What you need to do
When you reach the line that contains "31 Upper Sheep", begin copying exactly, and continue through the last line of the data; no pictures belong in the copy.

* * * * * * *

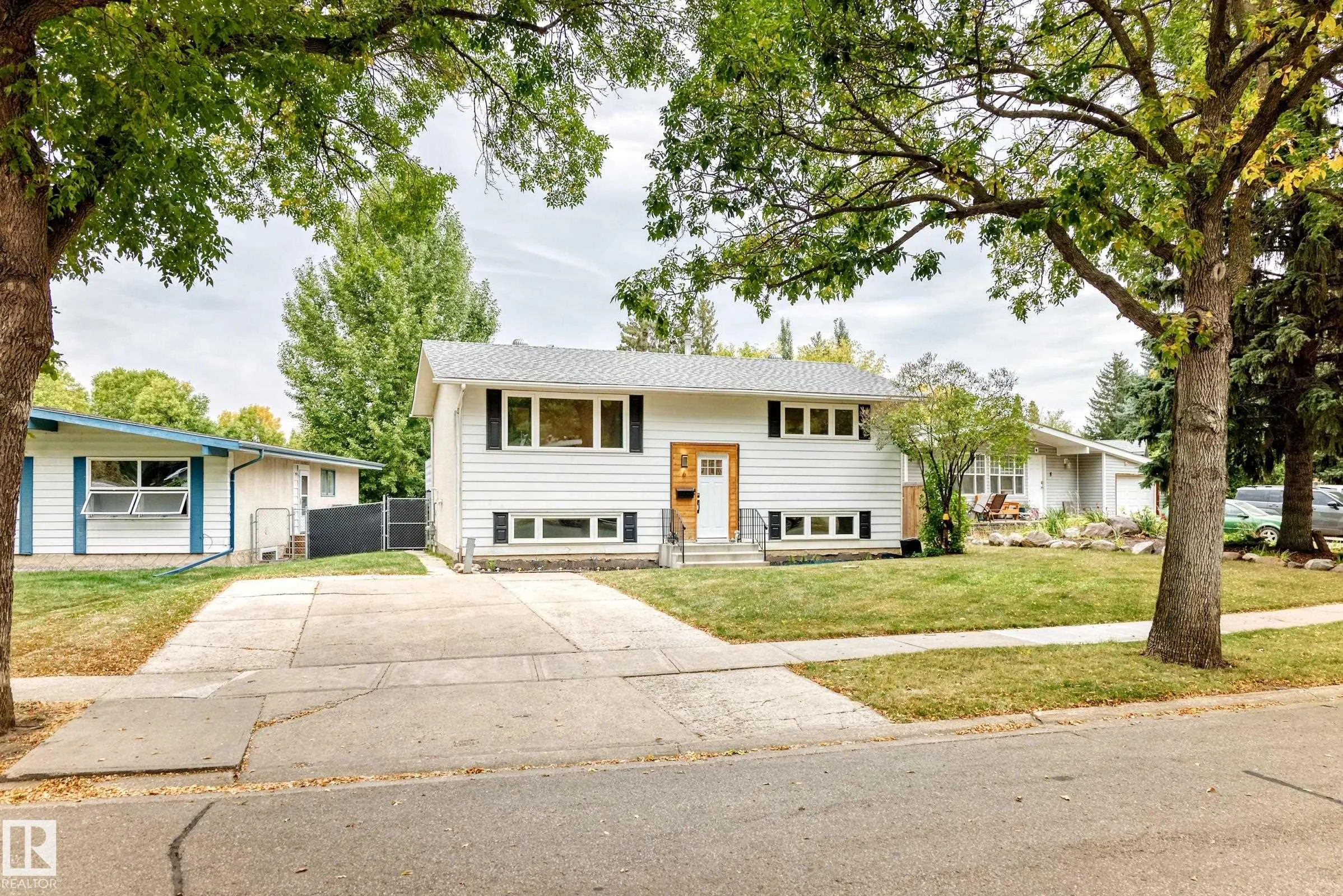 6 Beacon Crescent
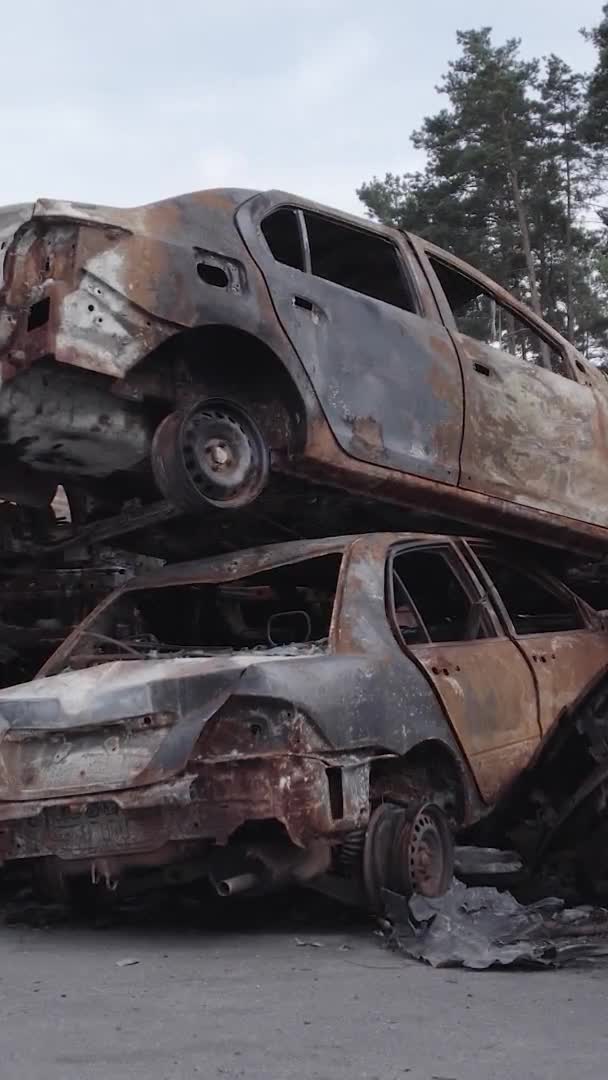Ten Pionowy Film Pokazuje Wysypisko Strzał Spalonych Samochodów Irpin Bucha — Wideo stockowe
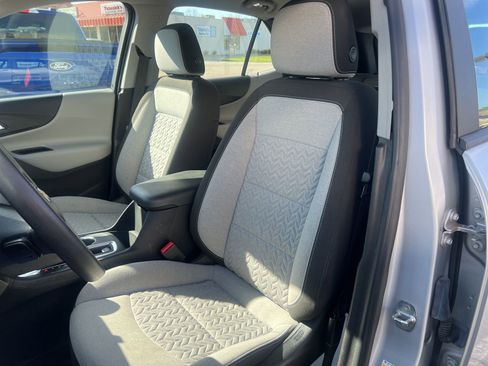 Used 2022 Chevrolet Equinox LS AWD/4WD image 14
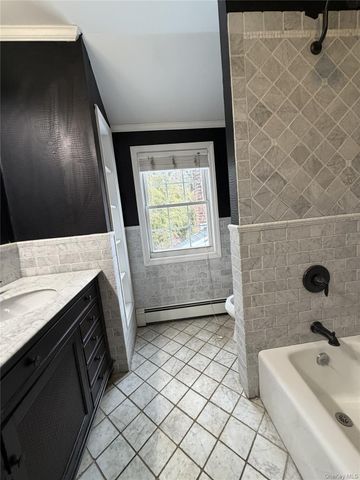 31 Upper Sheep Pasture Road, East Setauket, NY 11733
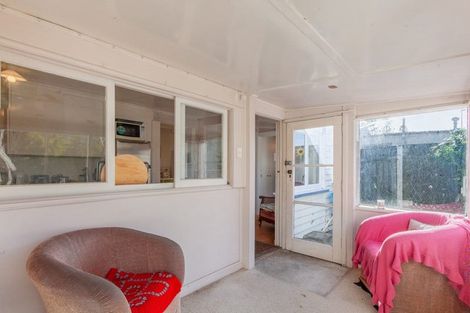 Photo of property in 23 Pukeko Place, Westshore, Napier, 4110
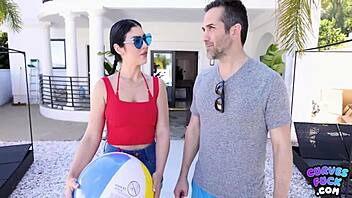 hot teen 18+ queenie sateen shows off curves that stick in your memory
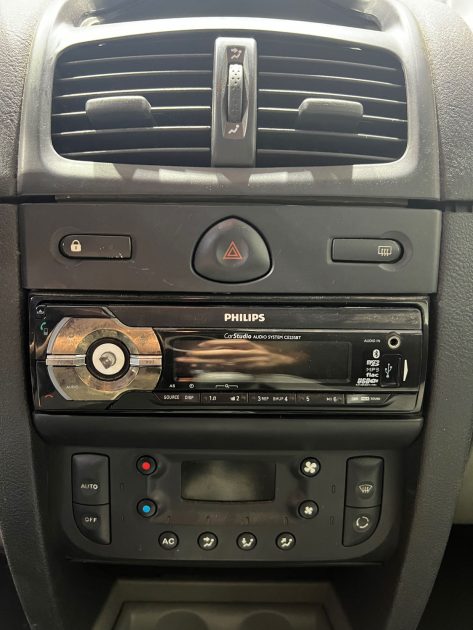 RENAULT CLIO LUXE PRIVILEGE 1.4 16V 2004, Climatisation, Régulateur de vitesse 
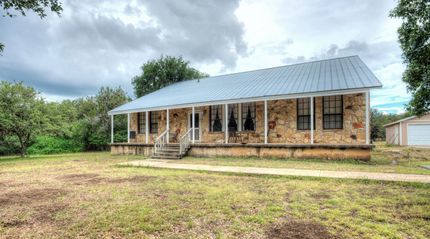 Farm and Ranch in Kendall County, Texas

* * * * * * *

Written reply
 31 Upper Sheep Pasture Road, East Setauket, NY 11733
 Photo of property in 23 Pukeko Place, Westshore, Napier, 4110
 hot teen 18+ queenie sateen shows off curves that stick in your memory
 RENAULT CLIO LUXE PRIVILEGE 1.4 16V 2004, Climatisation, Régulateur de vitesse 
 Farm and Ranch in Kendall County, Texas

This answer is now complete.